The idea of switching career paths and cross-sector working has been increasingly popular over the last few years, particularly for senior and executive roles. From government departments to local councils and a range of national and regional not-for-profit organisations, the challenges posed by achieving continuous improvement in performance management have influenced a rethink on the future of public sector service delivery.
The importance of integrated services and partnership working as well as the creation of new private or not for profit provider organisations has generated a new flexibility and business culture across sectors where commercial backgrounds, process management or particular areas of expertise are highly valued at executive level.
We are uniquely placed to help potential senior candidates find challenging roles in a variety of settings. We have an impressive track record in developing both people and organisations to improve capacity and service delivery within the public sector. This expertise is illustrated in our successful placing of a number of talented individuals who have gone on to clearly demonstrate the benefits of transferring skills and experience between sectors.
If you are thinking more broadly about your future career, beyond a more traditional path, then contact us to see how we can help you to transfer your skills across sectors. Below we have listed some points you might want to consider if you think that switching sectors might be for you:
The things you need to know before switching from the public sector
- Medium to large sized private sector organisations roughly equate in size, if not complexity, to smaller district councils.
- If you have a financial background, it can pay dividends in the private sector as over 40% of private sector chief executives have a financial qualification.
- The growth in outsourcing of traditional council services has opened up new avenues within the private sector, especially in the areas of leisure, IT, property management, housing, regeneration, waste disposal, construction and electronic service delivery.
- Public sector and private sector partner bodies are working closely together to deliver outcomes in CRM, health, children’s services, community safety and regeneration.
- Maximise your market value in the private sector by putting yourself forward for secondments or project-based work. These could make you more marketable to private enterprise.
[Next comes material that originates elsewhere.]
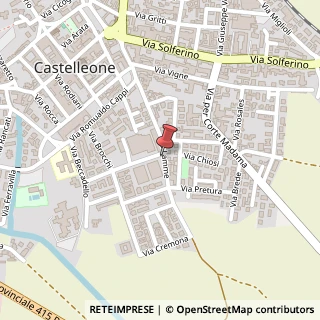 Mappa Via San Giovanni Bosco, 3, 26012 Castelleone, Cremona (Lombardia)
The focus upon improving customer services provides new opportunities to work in partnership with external service providers so get involved in the development of contact centres and customer relationship management systems if opportunities arise.
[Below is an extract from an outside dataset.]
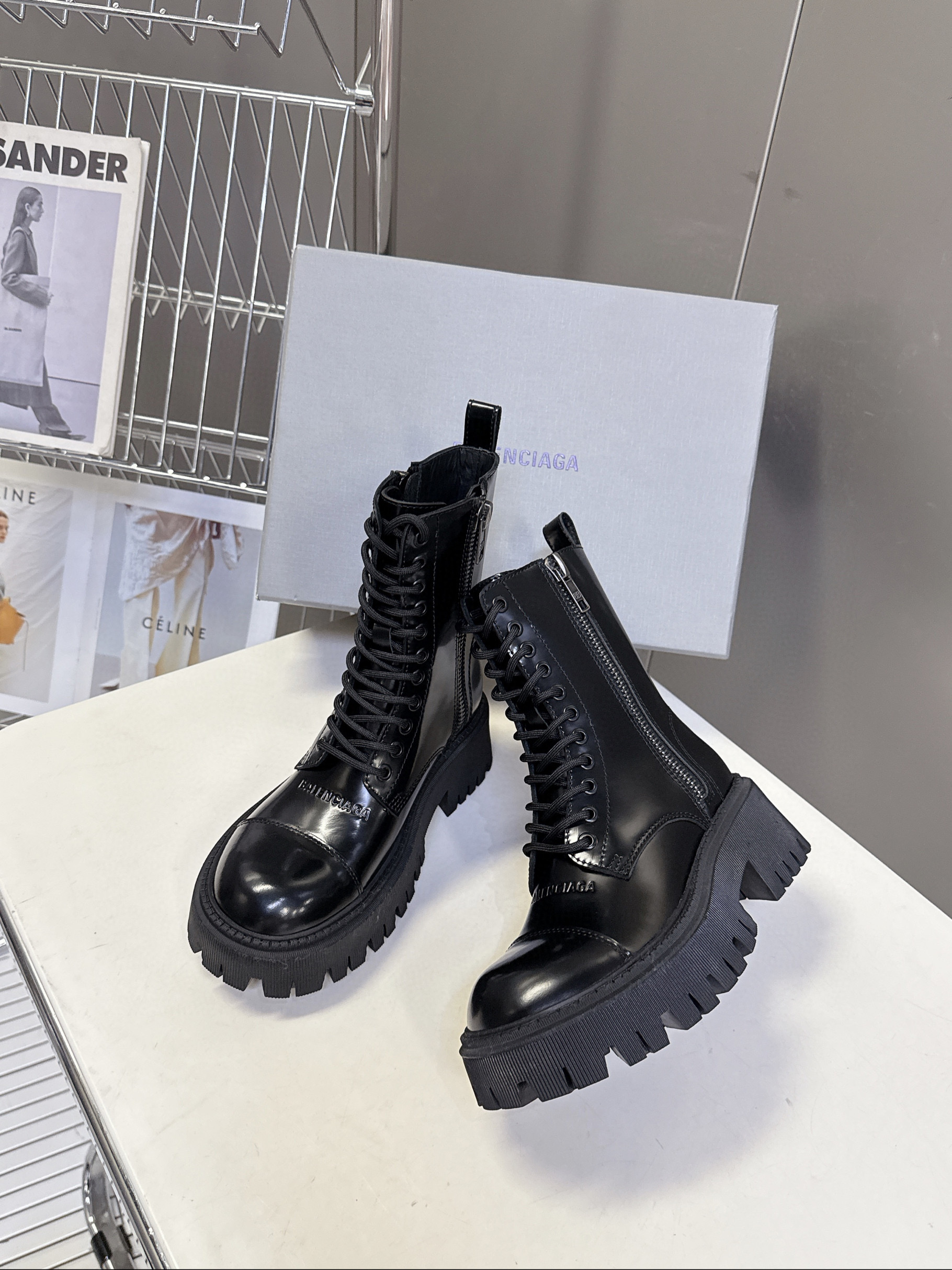 발렌시아가 여자 부츠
- Broaden your public sector experience – from health to local government, central government to the not-for-profit sector.
- Vacancies in the private sector are not always advertised, you could get an interview opportunity via a network connection.
- The private sector tends to make greater use of specialist consultancies to recruit senior staff. Large private sector organisations tend to accept a much smaller number of shortlisted candidates for interview.
- Private sector organisations can make greater use of psychometric testing and assessment centres to identify key strengths in shortlisted candidates.
- Be prepared to negotiate. The benefits offered within the private sector can often include private health care, bonus payments and opportunities for accredited training, to name just a few. These can be the subject of negotiation between you and your employer.
- Standard private sector pensions are unlikely to match those within the public sector, so bear this in mind when negotiating your package.
- Bear in mind that there is less movement from public to private sector and public sector candidates report lower levels of success in securing interviews with private companies.
The things you need to know before switching from the private sector
- There are over 300 occupational groups within the public sector, ranging from doctors, teachers and town planners to CRM, regeneration, communication and legal experts. Many of the generic management skills are perfect for transference.
- The average salary at executive level compares well with similar posts in the private sector.
- The not-for-profit sector tends to have the lowest salaries.
- The NHS in England has over 600 employers, employing close to 1.3 million staff.
- There are significant skills shortages in the public sector. At senior levels, this is particularly the case in areas such as IT, accountancy, business and people management and project planning.
- Recruitment in the public sector can be perceived as overly bureaucratic when compared with the private or not-for-profit sectors.
- Despite modernisation there are still a number of traditional political processes and practices within the public sector which ‘outsiders’ may find difficult to understand at first. Don’t let this put you off as you will get a lot of support if your employer is keen to have your skills on board.
- The government is keen to devolve more responsibility to local government and develop a more regional focus with responsibility for sustainable development frameworks, economic strategies, spatial strategies, transport, waste and housing. These are the sorts of high profile roles which it is hoped will attract a higher calibre of experienced managerial leaders. Experience of commercial mergers and acquisitions will also be valuable as this agenda progresses.
- In local government, councils with appropriate CPA (Comprehensive Performance Assessment) ratings have been granted the freedom to trade their services with other public sector bodies. Once again, success in this area is critically dependent on councils having access to the right people with a wider range of backgrounds and the right skills at all levels.